Set down again exactly the lines of the listing below that fall between the line holding "Miguel Díaz-Canel Bermúdez y Winnie Byanyima" and the line holding "Nîmes - Quartier", inclusive.

__RECORDS FOR THE TASK__:
____

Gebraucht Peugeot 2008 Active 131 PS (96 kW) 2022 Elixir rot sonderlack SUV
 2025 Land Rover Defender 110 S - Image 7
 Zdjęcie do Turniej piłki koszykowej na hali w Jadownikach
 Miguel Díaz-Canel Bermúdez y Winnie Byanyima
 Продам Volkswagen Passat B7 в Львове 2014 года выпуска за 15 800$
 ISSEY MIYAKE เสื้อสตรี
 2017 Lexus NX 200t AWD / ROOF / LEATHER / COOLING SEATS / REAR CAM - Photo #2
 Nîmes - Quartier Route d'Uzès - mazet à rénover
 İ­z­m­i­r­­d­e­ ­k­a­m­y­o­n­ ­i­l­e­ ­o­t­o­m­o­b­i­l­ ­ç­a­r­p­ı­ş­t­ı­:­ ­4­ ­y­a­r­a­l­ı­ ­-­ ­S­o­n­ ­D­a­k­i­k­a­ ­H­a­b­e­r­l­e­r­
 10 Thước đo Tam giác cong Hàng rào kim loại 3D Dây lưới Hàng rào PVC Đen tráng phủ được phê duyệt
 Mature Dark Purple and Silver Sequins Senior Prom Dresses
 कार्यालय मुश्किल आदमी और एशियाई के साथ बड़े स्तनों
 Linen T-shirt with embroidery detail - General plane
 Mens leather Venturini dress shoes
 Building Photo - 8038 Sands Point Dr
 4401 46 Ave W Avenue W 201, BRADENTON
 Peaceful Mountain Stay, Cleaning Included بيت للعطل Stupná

____

__FINISHED EXERCISE__:
 Miguel Díaz-Canel Bermúdez y Winnie Byanyima
 Продам Volkswagen Passat B7 в Львове 2014 года выпуска за 15 800$
 ISSEY MIYAKE เสื้อสตรี
 2017 Lexus NX 200t AWD / ROOF / LEATHER / COOLING SEATS / REAR CAM - Photo #2
 Nîmes - Quartier Route d'Uzès - mazet à rénover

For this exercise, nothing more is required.